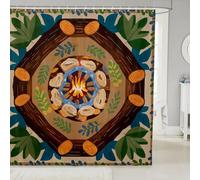 feelingyou Camping Woodland Campsite Waterproof Shower Curtains,Cartoon Green Leaves Shower Curtain,Campfire Modern Bathroom Accessories,Machine Washable,72" X 78"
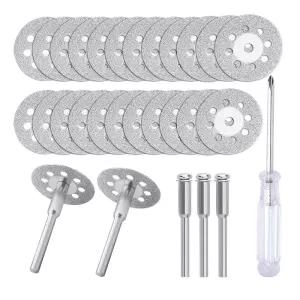 ALLmuis ci y 545 다이아몬드 커팅 휠(22mm) 25개 402 맨드릴(3mm) 5개 및 회전 공구용 드라이버 포함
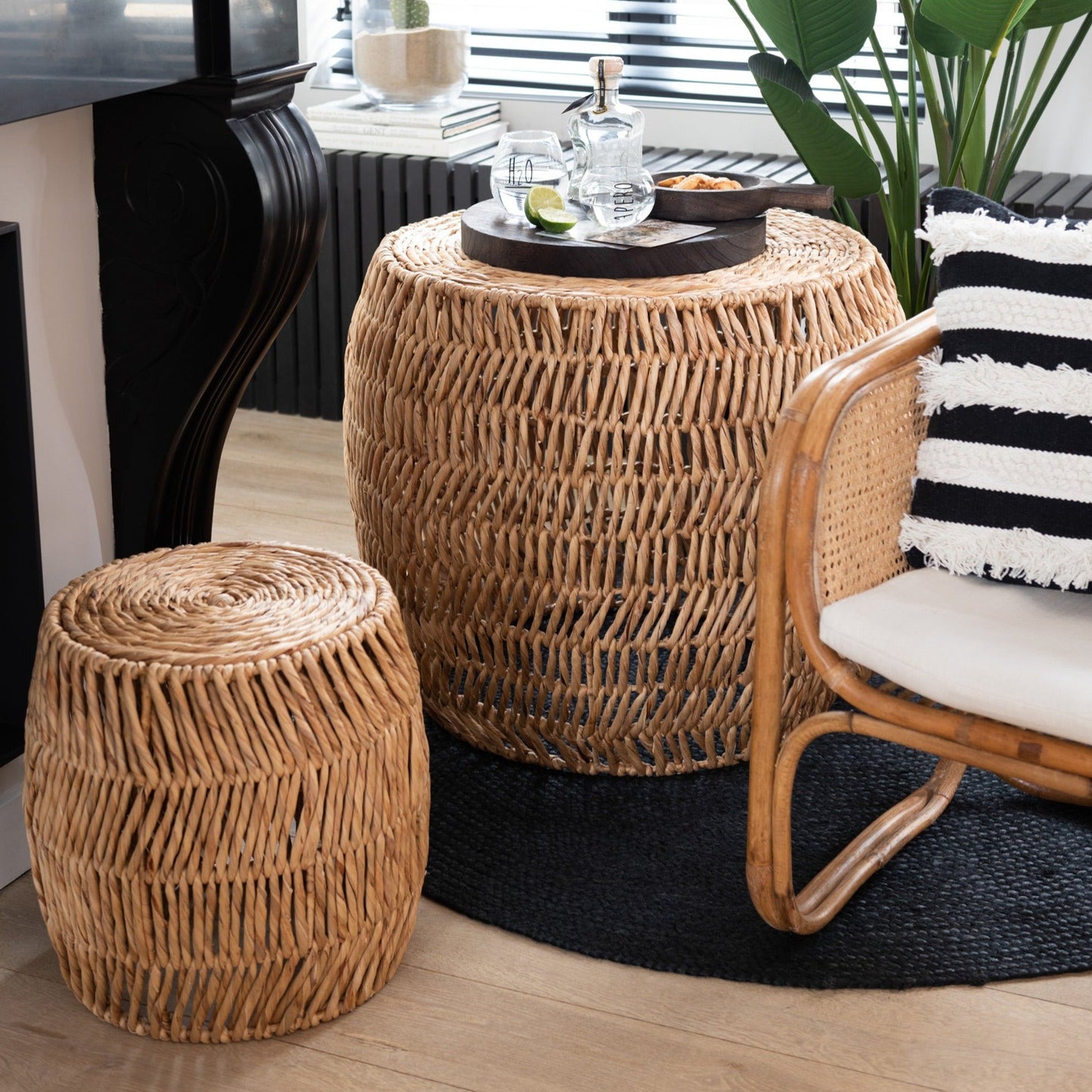 Rattan Coffee Table W/ 2 Stools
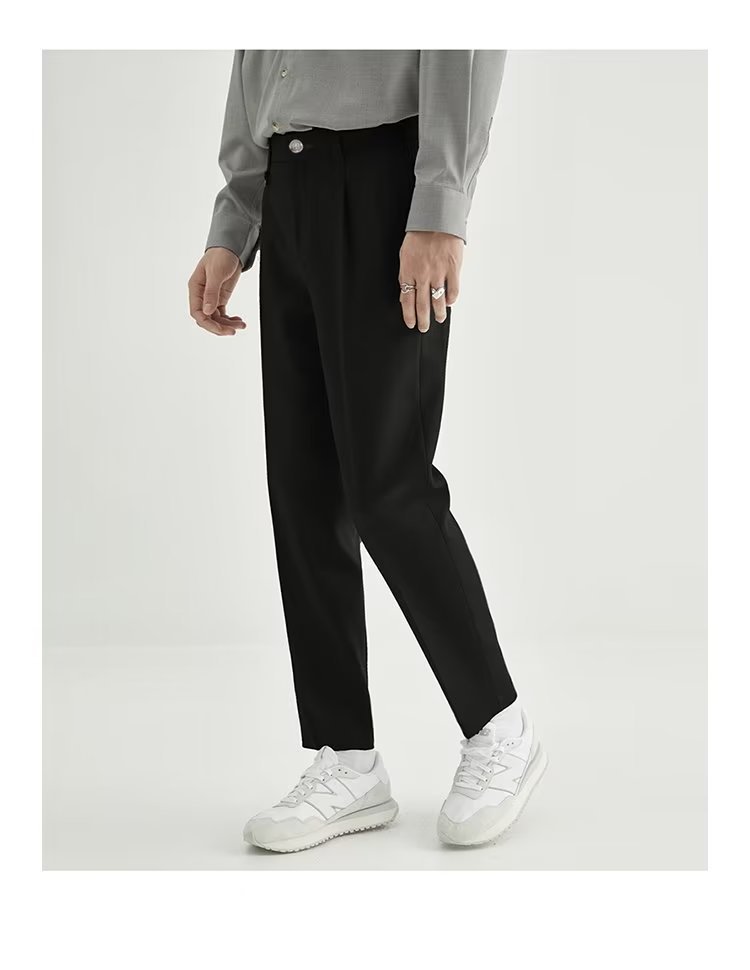Stan | Men's Cropped High-Waisted Pleated Trousers for Versatile Style 1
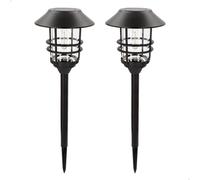 AKTIVE Set 2 balizas LED solares, Luz cálida, 6 lúmenes, 1 LED por baliza, Autonomía 8h, Alcance 1m, Resistencia IP44, Instalación sin cables, Botón on/off, Para jardín, terrazas y caminos (61577)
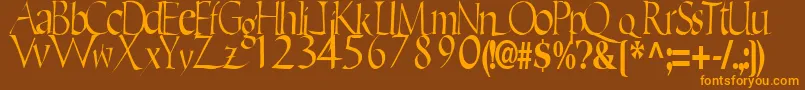 EricRegularTtstd-Schriftart – Orangefarbene Schriften auf braunem Hintergrund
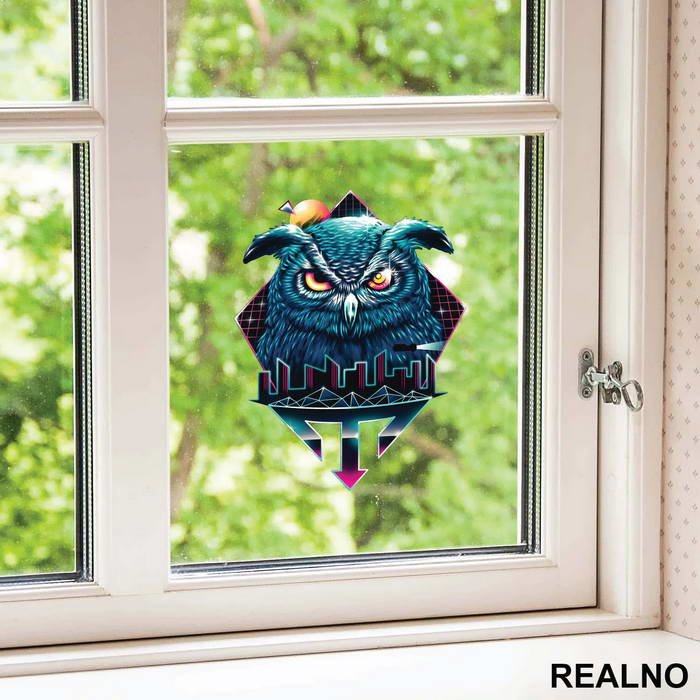 Retro City Owl - Životinje - Nalepnica
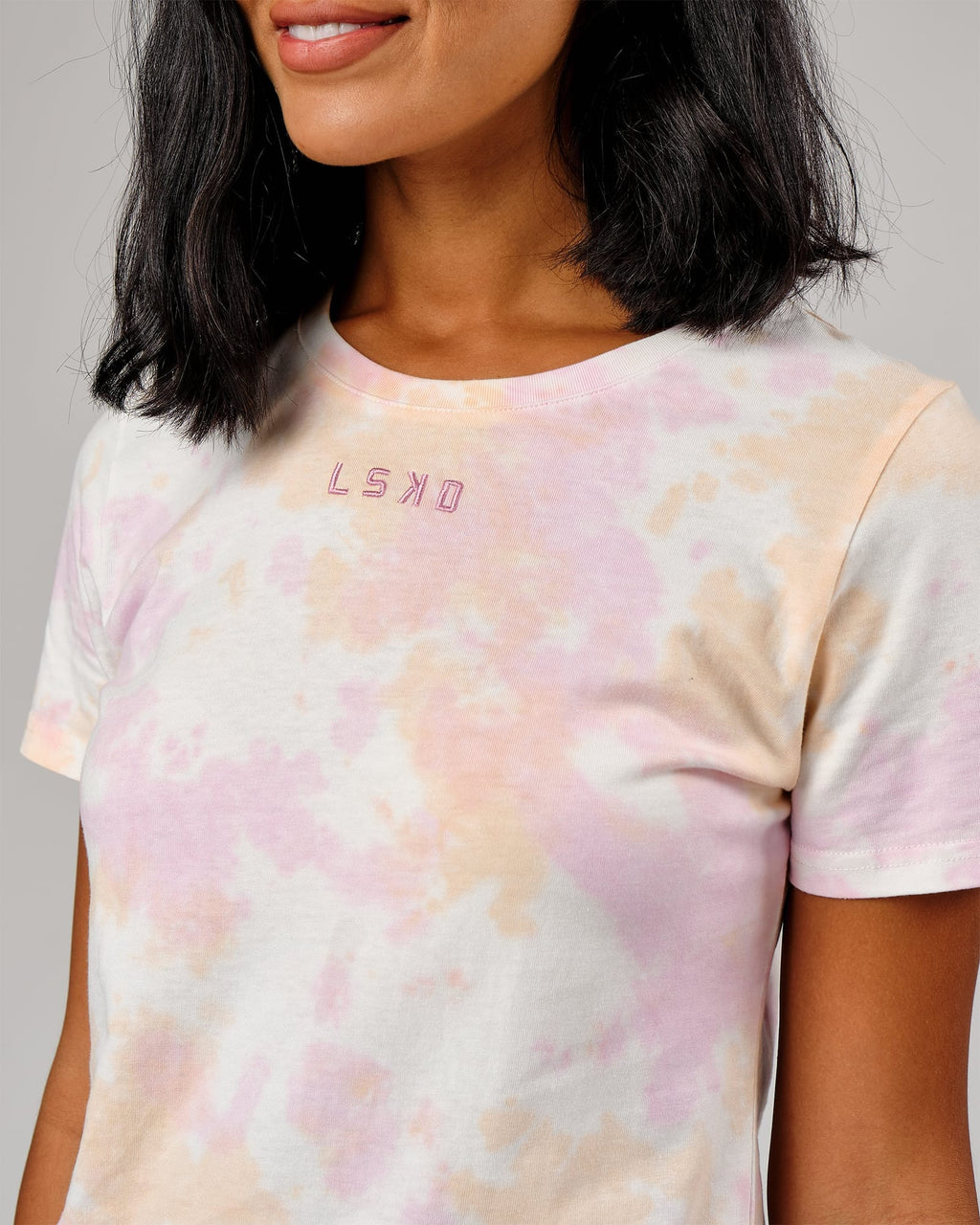 Model wearing Field Tee Dress - Tutti Frutti Tie Dye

**Task prompt**
Each entry needs to be returned verbatim, with its pictures left out.

**Solution**
 feelingyou Camping Woodland Campsite Waterproof Shower Curtains,Cartoon Green Leaves Shower Curtain,Campfire Modern Bathroom Accessories,Machine Washable,72" X 78"
 ALLmuis ci y 545 다이아몬드 커팅 휠(22mm) 25개 402 맨드릴(3mm) 5개 및 회전 공구용 드라이버 포함
 Rattan Coffee Table W/ 2 Stools
Stan | Men's Cropped High-Waisted Pleated Trousers for Versatile Style 1
 AKTIVE Set 2 balizas LED solares, Luz cálida, 6 lúmenes, 1 LED por baliza, Autonomía 8h, Alcance 1m, Resistencia IP44, Instalación sin cables, Botón on/off, Para jardín, terrazas y caminos (61577)
 EricRegularTtstd-Schriftart – Orangefarbene Schriften auf braunem Hintergrund
 Retro City Owl - Životinje - Nalepnica
 Model wearing Field Tee Dress - Tutti Frutti Tie Dye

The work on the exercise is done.